Suppose that we have function $y=\sin(x)$ we need to find its inverse function, assuming that $D(f)=[-\pi/4.\pi/4]$
I know that inverse of $\sin(x)$ is $\arcsin(x)$, it would be answer of a given function too, but why do I need $D(f)=[-\pi/4.\pi/4]$? I don't know, should I introduce some variable $c$, so that $y=\sin(x)$ will look like $y=\sin(x-c)$ or $y=\sin(x)+c$? Please give me a hint. In case I meet similar problem, like "find inverse of function $y=f(x)$ where $D(f)=[a,b]$" what should I do?
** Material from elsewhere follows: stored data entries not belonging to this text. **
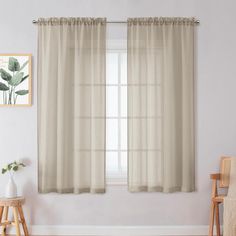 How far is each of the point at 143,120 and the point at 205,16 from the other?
50.9 inches

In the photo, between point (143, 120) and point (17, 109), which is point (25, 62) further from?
point (143, 120)

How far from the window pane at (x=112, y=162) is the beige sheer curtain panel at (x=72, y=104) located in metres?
0.13

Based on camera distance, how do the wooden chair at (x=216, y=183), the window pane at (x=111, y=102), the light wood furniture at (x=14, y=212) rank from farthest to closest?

As I know domain of given function and range of inverse function are the same, so it means that the range of $\arcsin(x)$ is $[-\pi/4.\pi/4]$, but how to proceed?
Best Answer
The typical range of $\arcsin(x)$ is $[-\pi/2,\pi/2]$, with domain $[-1,1]$. This is because we restrict $\sin(x)$ to the interval $[-\pi/2,\pi/2]$--a maximal interval on which $\sin(x)$ is one-to-one--and then take the inverse.
However, we didn't have to have a maximal interval, just some interval on which it's one-to-one, so the same principle will apply here, and you'll simply have $f^{-1}(x)$ as the restriction of $\arcsin(x)$ to the interval $[-1/\sqrt{2},1/\sqrt{2}]$.